Relationship With The Holy Roman Empire

The precise nature of the relationship between the Popes and Emperors – and between the Papal States and the Empire – was disputed. Was the Pope a sovereign ruler of a separate realm in central Italy, or were the Papal States just a part of the Frankish Empire over which the Popes had administrative control? (This last was the view of the late 9th-century Libellus de imperatoria potestate in urbe Roma.) Or were the Holy Roman Emperors vicars of the Pope (as a sort of Archemperor) ruling Christendom, with the Pope directly responsible only for the environs of Rome and spiritual duties?

Events in the 9th century postponed the conflict: the Holy Roman Empire in its Frankish form collapsed as it was subdivided among Charlemagne's grandchildren. Imperial power in Italy waned and the papacy's prestige declined. This led to a rise in the power of the local Roman nobility, and the control of the Papal States during the early tenth century by a powerful and corrupt aristocratic family, the Theophylacti. This period was later dubbed the Saeculum obscurum or "dark age of the papacy", and sometimes as the "rule by harlots". In practice, the Popes were unable to exercise effective sovereignty over the extensive and mountainous territories of the Papal States, and the region preserved its old system of government, with many small countships and marquisates, each centered upon a fortified rocca.
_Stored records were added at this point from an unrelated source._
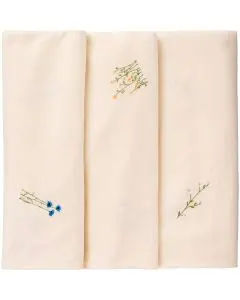 Dug Flora kvadratisk m/margueritter, kornblomster og smørblomster butter cream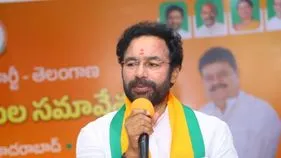 రైల్వేస్టేషన్‌ల అప్రోచ్‌ రోడ్లను విస్తరించండి 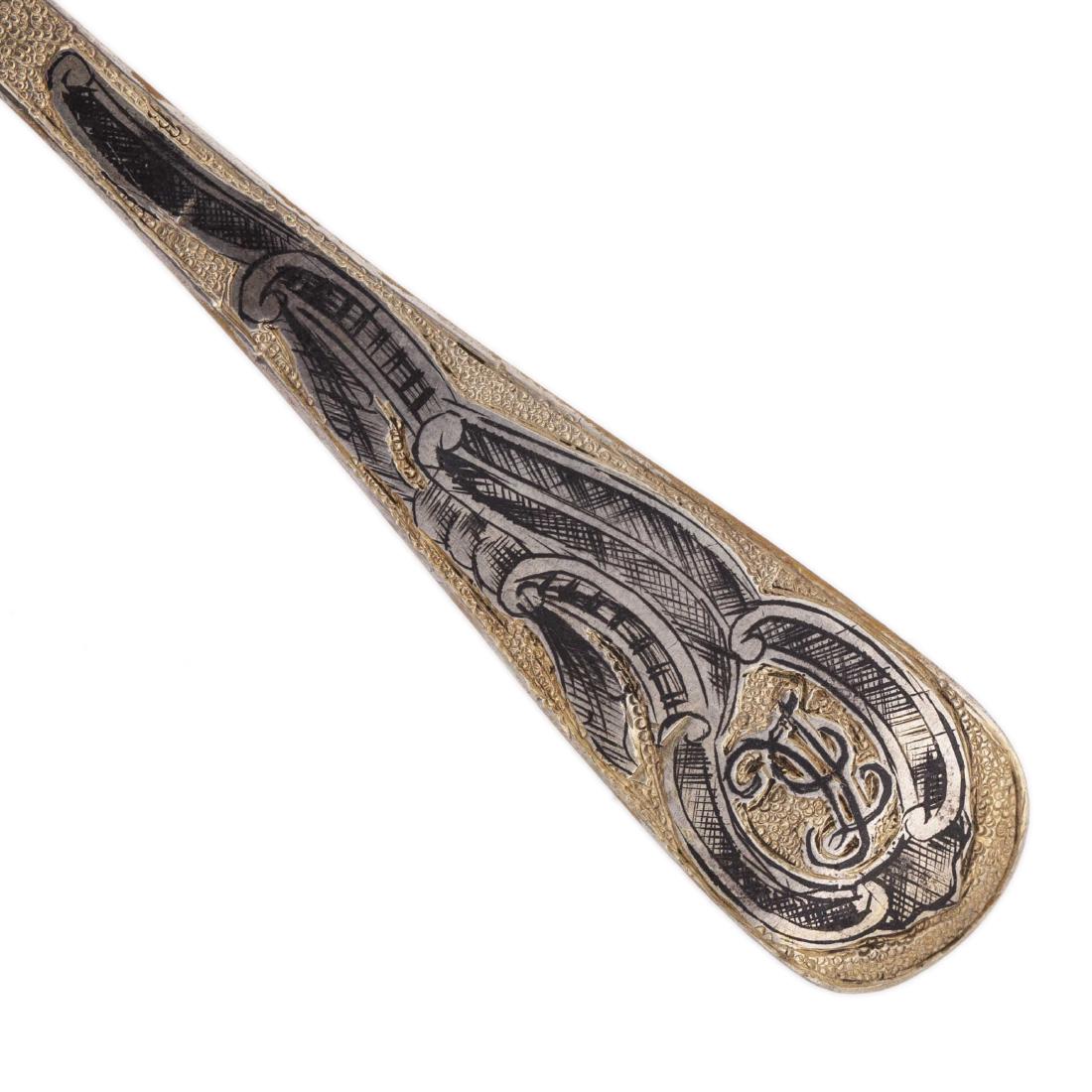 Russian decorative silver-gilt and niello spoon — image 5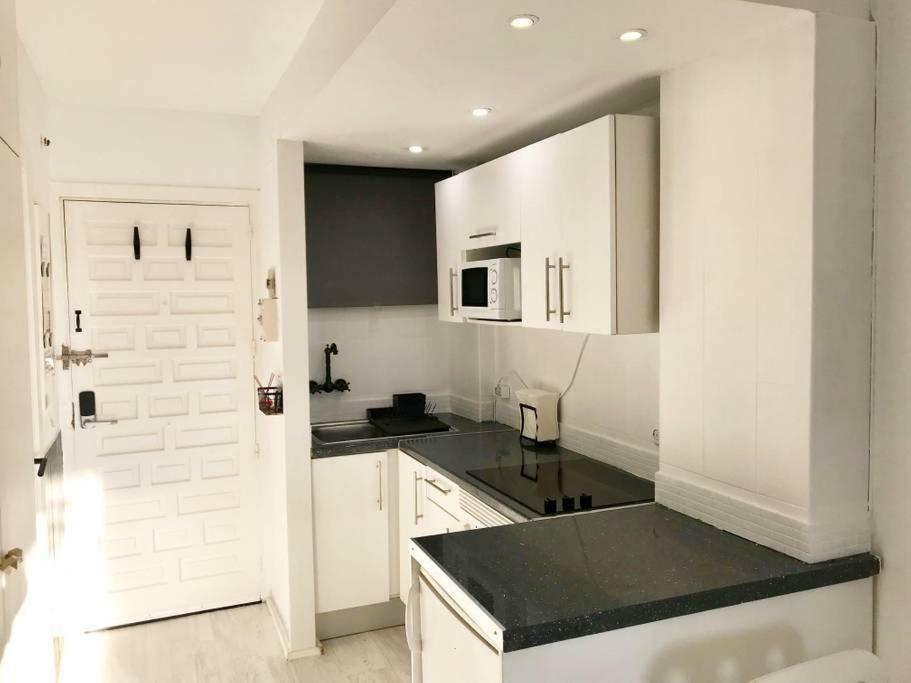 Minerva Sea View Apartment Benalmádena Exteriör bild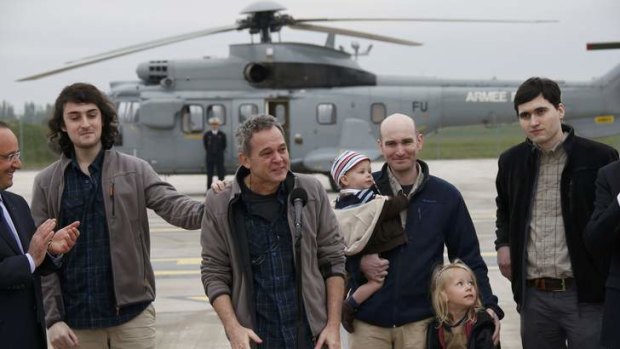 Edouard Elias, Didier Francois, Nicolas Henin and Pierre Torres and Francois Hollande (left), moments after their arrival to Villacoublay, near Paris.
Over several campaigns in the mid-tenth century, the German ruler Otto I conquered northern Italy; Pope John XII crowned him emperor (the first so crowned in more than forty years), and the two of them ratified the Diploma Ottonianum, which guaranteed the independence of the Papal States. Yet over the next two centuries, Popes and Emperors squabbled over a variety of issues, and the German rulers routinely treated the Papal States as part of their realms on those occasions when they projected power into Italy. A major motivation for the Gregorian Reform was to free the administration of the Papal States from imperial interference, and after the extirpation of the Hohenstaufen dynasty, the German emperors rarely interfered in Italian affairs. By 1300, the Papal States, along with the rest of the Italian principalities, were effectively independent. During the Renaissance the Spanish Emperors fought wars over the Papal States, often against the Pope.